27 avril 2001. Guernica. Aujourd’hui, 74e anniversaire du bombardement de Guernica, une petite ville du Pays Basque près de Bilbao, par la légion Condor de la Lufwaffe, nos collègues Ematze (Basque) et Fuentes (Espagnol) rencontrent le ministre de la culture espagnol pour lui remettre une lettre signée par trente mille intellectuels demandant que le tableau Guernica de Picasso soit transféré du Prado au musée de Bilbao — est-ce un rêve ? Probablement.

 

Togo. Le 27 avril 1960, le Togo devenait indépendant et quelques années plus tard, en 1967, un sous-officier de l’armée française, Eyadéma, prenait le pouvoir pour ne plus le lâcher. Dans le gouvernement, trois généraux : Défense (ça peut aller), Intérieur (ça va pas) et Justice (ça ne va pas, pas du tout). Comme quoi la dictature et la bêtise n’ont pas de couleur. Comme la contestation : l’université de la capitale, Lome, est fermée à cause de « troubles » causés par des étudiants qui trouvent que la démocratie au Togo a encore de la route à faire.

 

Un vraie question. À propos de la mort du chef d’orchestre Giuseppe Sinopoli après le troisième acte de l’Aïda, un journaliste de CBC a demandé, très sérieusement, à un musicologue londonien : « Y a-t-il quelque chose de mortifère dans le troisième acte ? »

 

28 avril 2001. Éthique pour ados. Comment expliquer à des adolescents que l’éthique pourrait ne pas être un simple ensemble de règles dictant ce qu’il faut faire dans certaines situations ? Comment leur expliquer qu’il est beaucoup plus intelligent d’extirper les ronces au lieu de se soigner les écorchures ? Comment leur faire comprendre que celui qui « taxe » par fidélité à sa gang n’a pas un comportement nécessairement mauvais ? Comment leur expliquer qu’entre viol et vol il y a plus qu’une simple voyelle de différence ?

 

29 avril 2001. Poil et poils.
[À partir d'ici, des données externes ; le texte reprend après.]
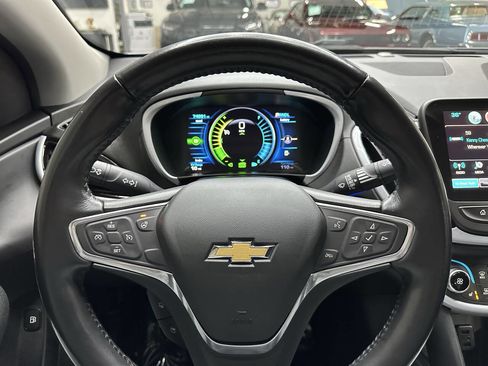 Used 2018 Chevrolet Volt LT w/ Comfort Package image 20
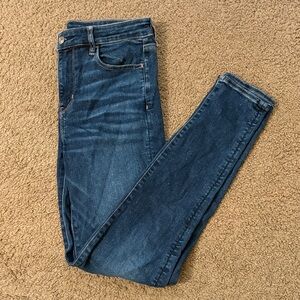 American Eagle Outfitters Hi-Rise Jegging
Dans la publicité de Vogue, ce mois-ci les chiens ont cédé la place aux vaches. Trois photos d’une fille aux seins imposants comme on en voit rarement dans les revues de mode, longs cheveux noirs et un chapeau blanc de cow-boy. Elle chevauche à poil une vache au poil noir et blanc. Dans la première photo, le chapeau cache le visage et le triangle des poils noirs semble continuer le manteau de la vache, dans la deuxième, le triangle du bas a presque disparu et celui du visage commence à apparaître, dans la troisième, les poils ont disparu, le visage complètement découvert sourit de ce sourire bête qui donne envie de sortir de l’humanité, les cheveux sont ramassés en deux tresses et deux bracelets serrent les biceps rachitiques. Ça fait la publicité de quoi, cette fausse séquence intitulée « all together but all different » ? De Kana beach. C’est quoi ça ? Probablement un canular, une simple excuse pour le photographe. Il n’y a rien à vendre. Rien que de l’art pour l’art. L’art pour l’art qui reprend du poil de la femme.



[1] Jane Smilay, My Kingdom a Horse, The New York Times Magazine, 29 avril 2001.

[2] Âne en anglais se dit donkey ou ass (qui veut dire aussi cul). Pour ceux qui aiment les doubles sens, voici ce qu’écrit un célèbre dictionnaire : The African wild ass, Equus asinus (also, Equus africanus), often referred to as the true ass. The related Asiatic wild ass, often called the half-ass. (…) half-ass differs from the true ass in its extremely long, slender legs, shorter ears and larger hooves”.